## TASK TO COMPLETE
Lines in the listing below that include the word "just" need to be copied.

## GIVEN INFORMATION
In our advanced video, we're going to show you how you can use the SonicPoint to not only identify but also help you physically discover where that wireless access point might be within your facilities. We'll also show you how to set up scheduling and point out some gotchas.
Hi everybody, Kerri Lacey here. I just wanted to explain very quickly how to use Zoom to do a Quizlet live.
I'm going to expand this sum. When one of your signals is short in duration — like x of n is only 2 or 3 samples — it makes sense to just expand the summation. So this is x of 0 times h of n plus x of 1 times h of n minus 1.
...
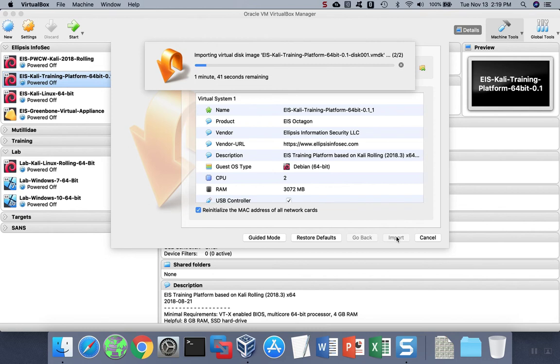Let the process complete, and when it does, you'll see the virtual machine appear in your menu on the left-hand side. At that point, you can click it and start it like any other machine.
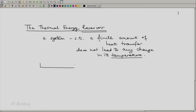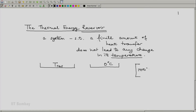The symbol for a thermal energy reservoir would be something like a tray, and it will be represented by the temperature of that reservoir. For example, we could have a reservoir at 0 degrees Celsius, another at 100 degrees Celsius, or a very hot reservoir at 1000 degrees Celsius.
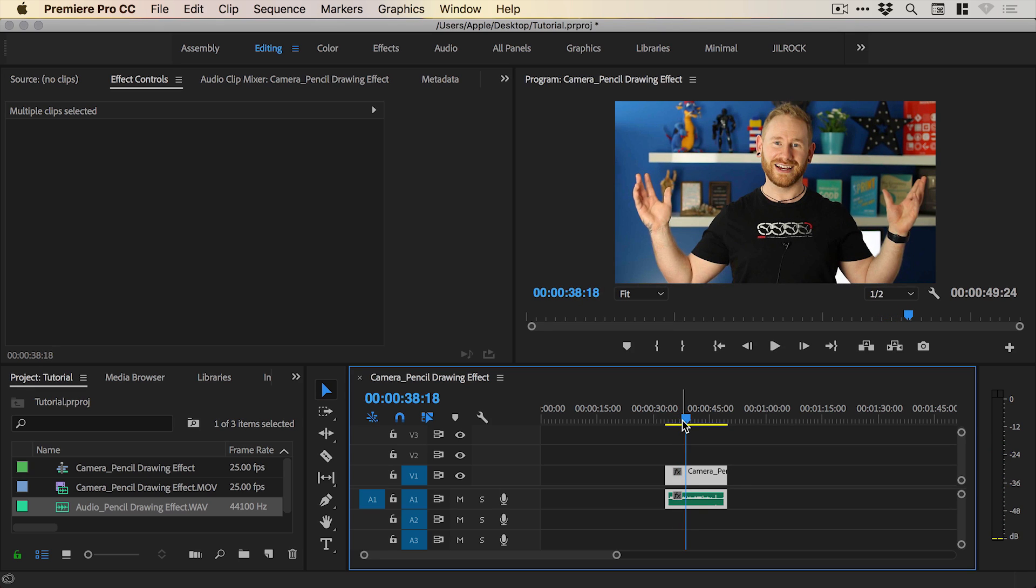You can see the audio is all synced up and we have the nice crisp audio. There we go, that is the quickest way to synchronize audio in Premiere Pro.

## SOLUTION TO THIS EXERCISE
Hi everybody, Kerri Lacey here. I just wanted to explain very quickly how to use Zoom to do a Quizlet live.
I'm going to expand this sum. When one of your signals is short in duration — like x of n is only 2 or 3 samples — it makes sense to just expand the summation. So this is x of 0 times h of n plus x of 1 times h of n minus 1.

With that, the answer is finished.